It was a grueling hell…The mountains were a veritable smorgasbord of meteorological treachery—violent downdrafts, high winds and sudden snowstorms—all served up in temperatures 20 degrees below zero. As if they needed any reminding, the crews could frequently glimpse the 29,028-foot peak of Mount Everest thrusting up through the clouds just 150 miles from their flight path.
Over the course of the war, how many American planes do you think crashed while trying to navigate over the Hump? Seven hundred. The flying route was called “the aluminum trail” because of all the debris scattered over the mountains.

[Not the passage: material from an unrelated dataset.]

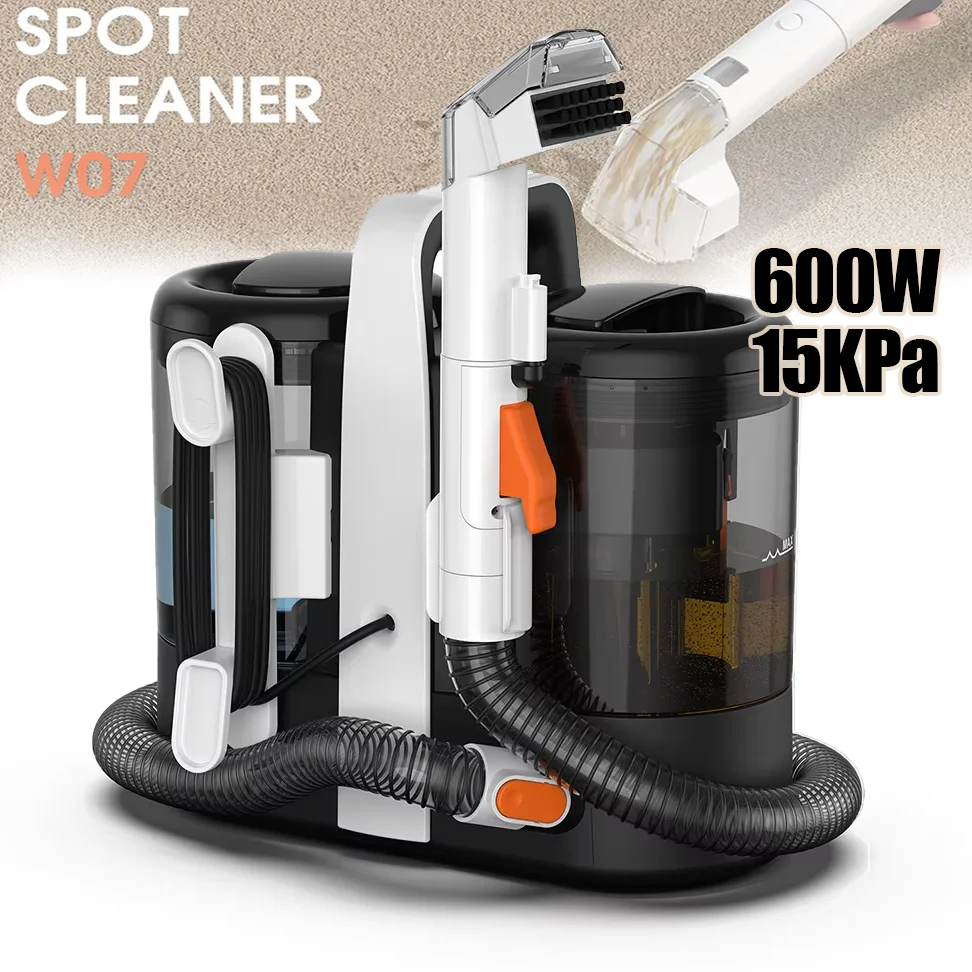 W07 Spot Cleaner 600W 15KPa Handheld Carpet Cleaner for Sofa Curtain Spray Suction Integrated Machine Clean Machine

It gets worse. The air base in Chengdu didn’t have any aviation fuel. It was in the middle of nowhere—just a landing strip. Much later, one of LeMay’s airmen, David Braden, recorded an interview with a former brigadier general in the Air Force, Alfred Hurley. Every pilot who flew the Hump complained about it:
Braden: That was a crazy thing. The only way they could get gasoline to Chengdu was by flying the Hump. Sometimes, if they had a headwind, it took twelve gallons of a B-29’s gasoline to bring one gallon over the Hump.
Hurley: It was extraordinary.
Braden: It was insane.
Then, even from Chengdu, most of Japan’s territory was still beyond the B-29’s range. The planes couldn’t get as far as Tokyo and make it back. So the best they could do was nibble at the closest corner of Japan’s southwestern tip, where there was only one factory worth the Allies’ attention.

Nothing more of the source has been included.